The Russian team responded brilliantly to the challenge of being hosts, surprising many by topping the medal table. Highlights included 15-year-old figure skater Yulia Lipnitskaya becoming the youngest Winter Olympic gold medalist since the 1930s, double gold for Washington state-born naturalized Russian snowboarder Vic Wild and a resounding 1-2-3 finish for Russia in the final event of the Olympics, the men’s 50 km cross-country ski race.

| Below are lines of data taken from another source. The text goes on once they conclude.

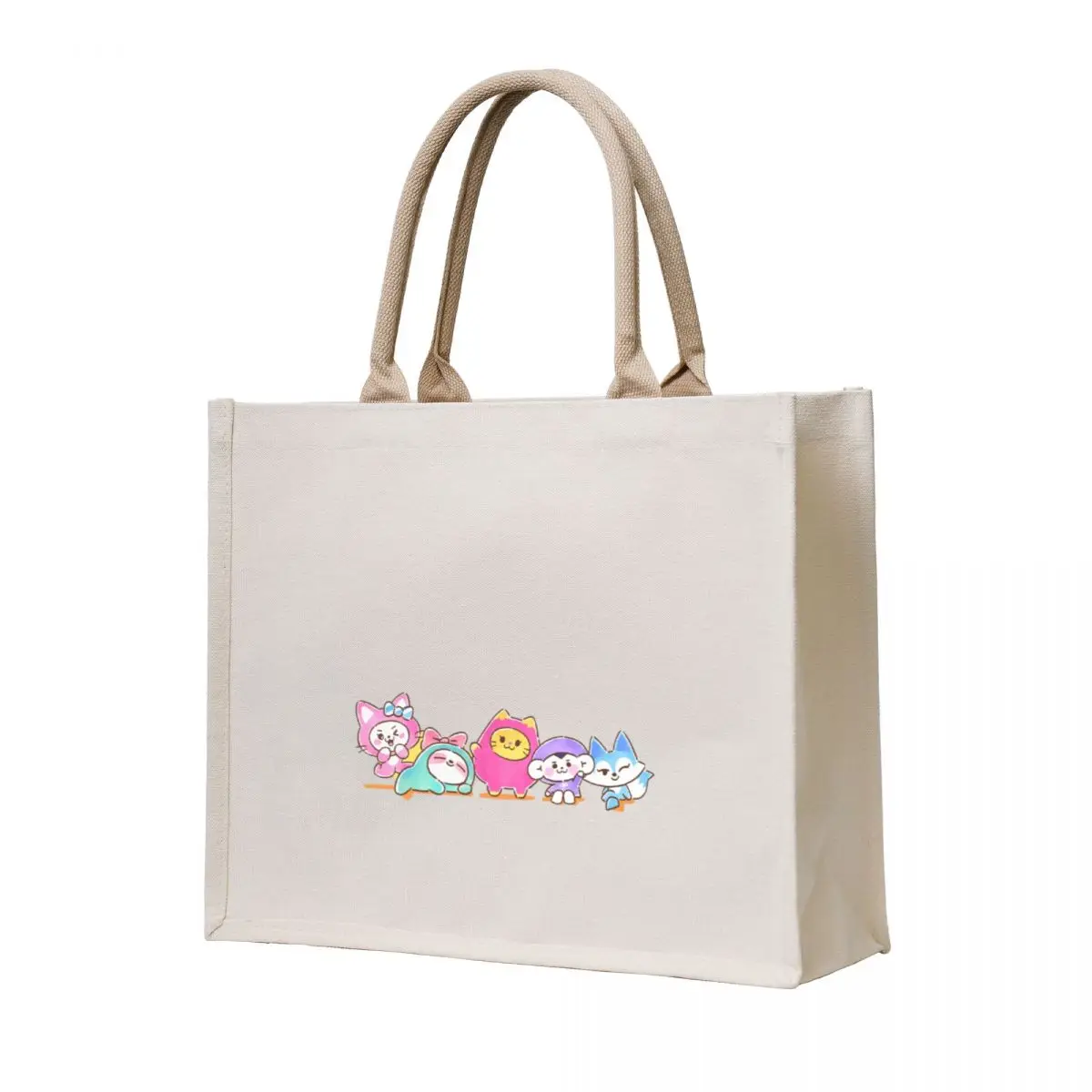 ITZY WDZY Tote Bag Women's bags reusable shopping bag canvas tote bag canvas tote bags
ITZY WDZY Tote Bag Women's bags reusable shopping bag canvas tote bag canvas tote bags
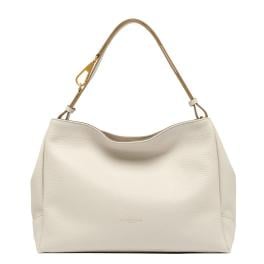 Gianni Chiarini Borsa a spalla Cecile Sabbia - 1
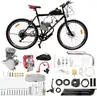 BRAND NEW 100cc BICYCLE GAS ENGINE CONVERSION KIT - CAN SHIP!!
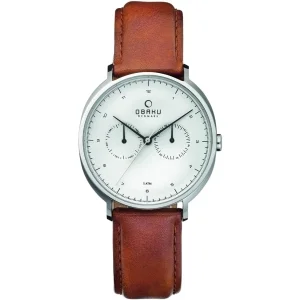 Obaku V193GMCIRZ - фото 1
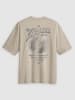 Levi's Shirt in Beige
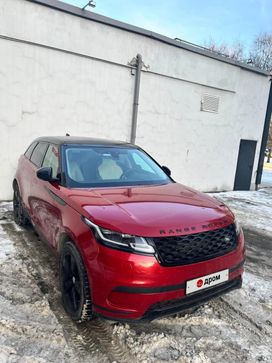 SUV   Land Rover Range Rover Velar 2019 , 4490000 , 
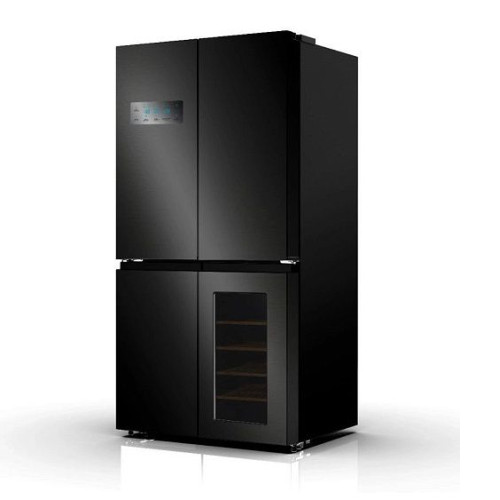 Холодильник GENCOOL GDCD-605BV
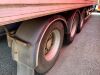 UNRESERVED 2004 SDC Tri Axle Box Trailer - 12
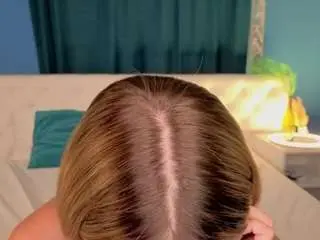 Camsoda Best Webcam of mavis-willis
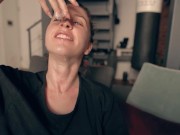 ultimate facial compilation ep.II - little arden 14/16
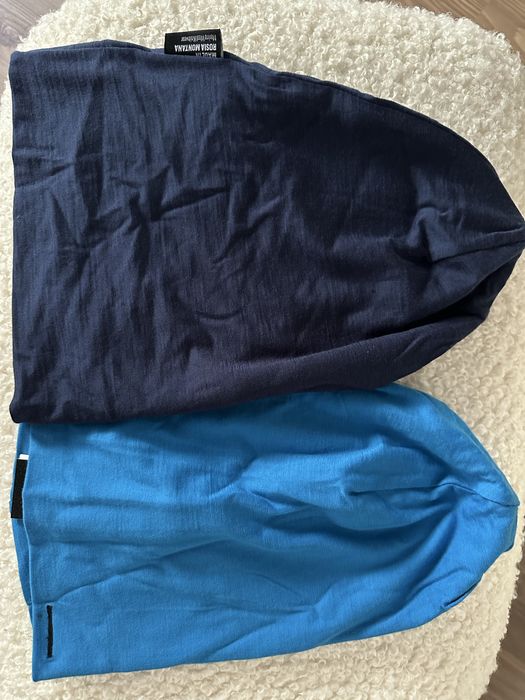 Vand caciula lana merinos Rosia Montana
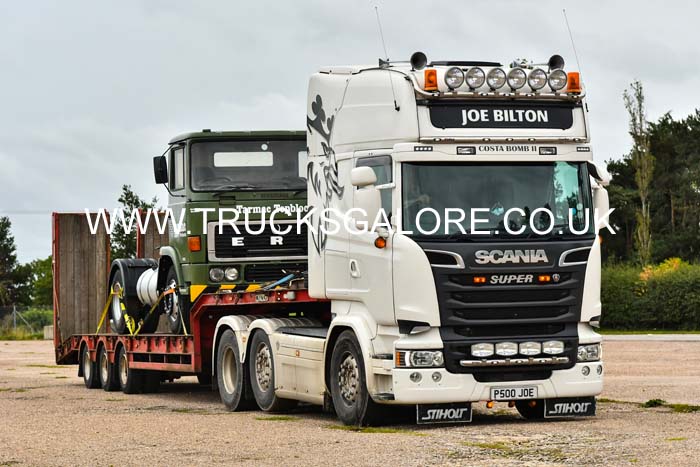 BILTON P500 JOE 20nk0053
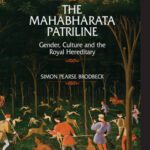 خرید و دانلود نسخه کامل کتاب The Mahabharata Patriline: Gender, Culture, and the Royal Hereditary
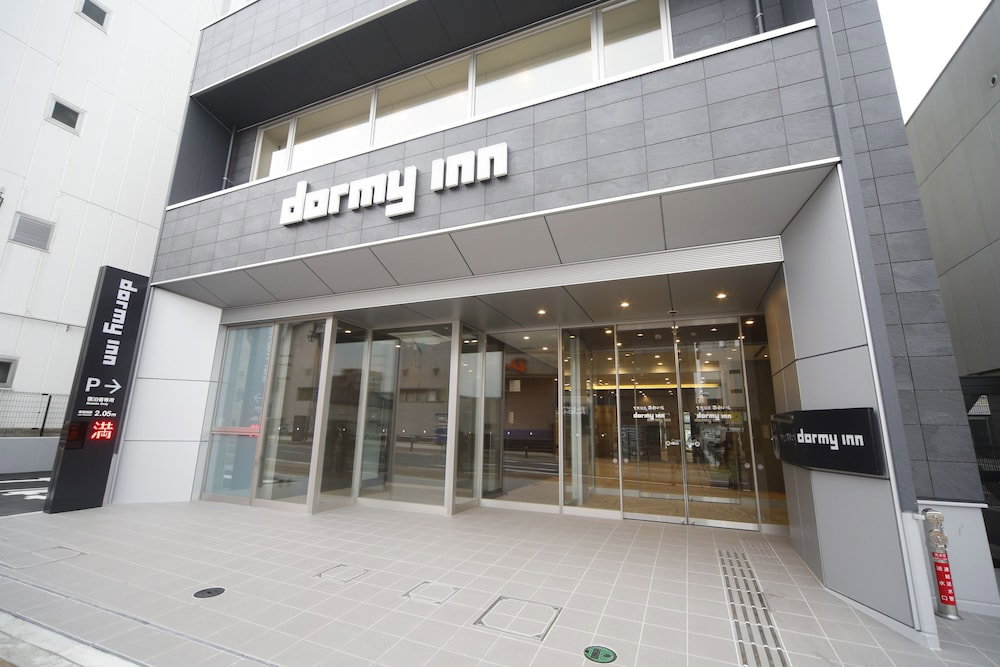 Hotel Dormy Inn Honhachinohe Hot Springs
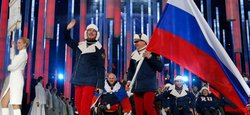 Російські спортсмени виступатимуть на Паралімпійських іграх під своїм прапором
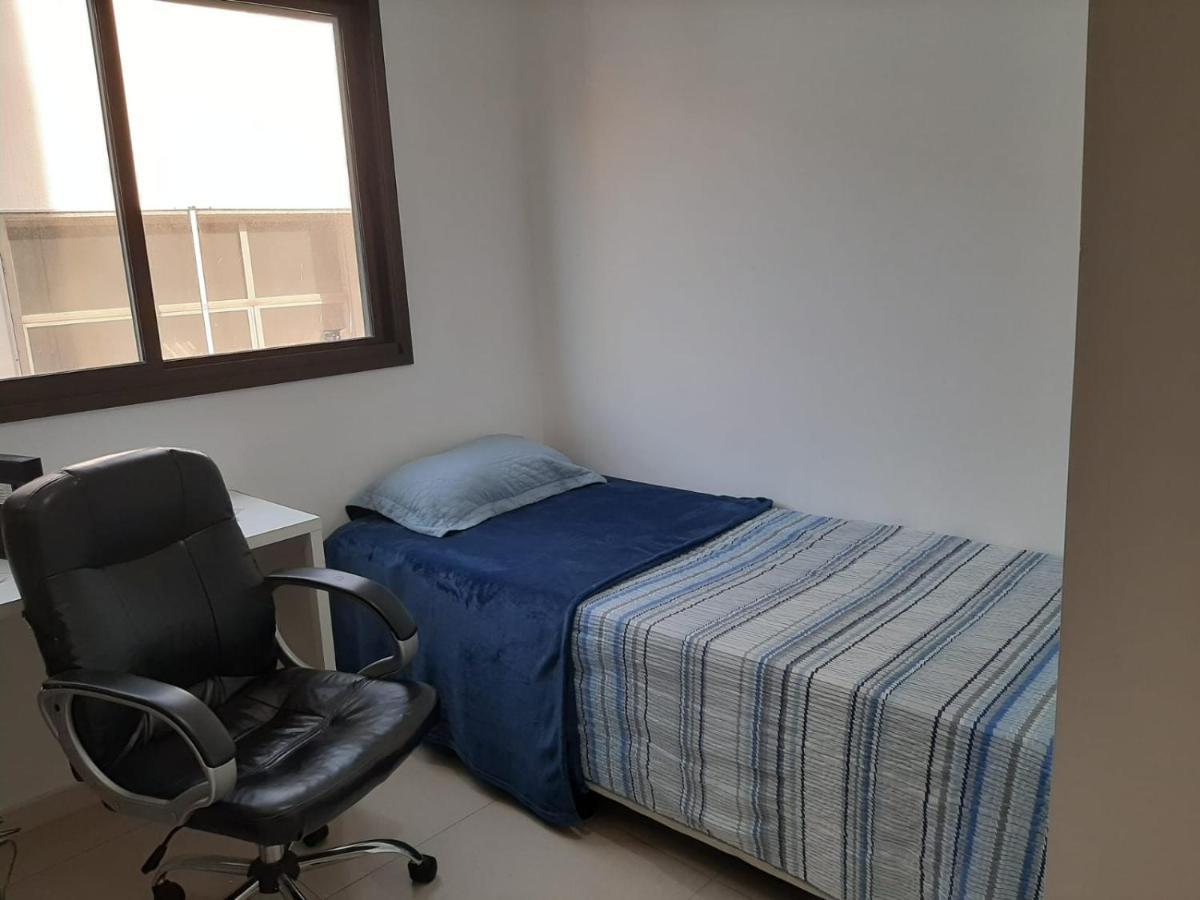 Apartmán Paraiso Na Praia Dos Ingleses Apartamento Bem Localizado Florianópolis Exteriér fotografie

The Sochi Olympics were not flawless, however. Policing was at times heavy-handed, especially when dealing with peaceful protesters, and many of the costly arenas on the Black Sea coast have been barely used since, raising questions about the viability of legacy plans. But on the whole, Sochi was a triumph for Russia.
World Cup preparations
Russia is to pour 660 billion rubles into the 2018 World Cup, says President Vladimir Putin in late October. Source: Konstantin Zavrazhin / RG
As soon as the Olympics were over, focus started to shift towards Russia’s next big sports event, the soccer World Cup in 2018. This was the year that preparations really got under way, with construction now having started at almost all of the 11 host cities. It’s still early, but things appear to be proceeding largely on schedule, with little sign of the sort of chaos which dogged this year’s host nation, Brazil. Indeed, three of the venues are already finished, although that’s because they were built to host other events first.
It’s not all been plain sailing, though. Eleven host cities means 11 local elites with their own demands, pet projects and rivalries, and as a result, World Cup organizers have had to battle through an increasing number of political disputes over where and how stadiums will be constructed. Some challenges have been a little more unusual though, such as in the southern city of Volgograd (formerly Stalingrad) where, while clearing the site of the future World Cup stadium, 10 unexploded Second World War bombs were found - and thankfully disposed of safely.
Drug tests revealed traces of a banned substance in a test sample provided by three-time Olympic champion Yulia Efimova in May. Source: Photoshot / Vostock Photo
Earlier this month, German TV channel ARD broadcast a documentary alleging systematic doping in Russian sport and appearing to feature Olympic 800-meter champion Maria Savinova confess to taking banned substances. The Russian response so far has largely been to attack the credibility of the witnesses (some of whom had previously been banned for doping
Even without the German film, 2014 was a bad year for Russian doping. There were bans for Olympic race-walking champion Elena Lashmanova and for swimmer Yulia Efimova, who was stripped of four world records. They join more than 100 other elite Russian athletes banned for doping this year in Olympic sports alone.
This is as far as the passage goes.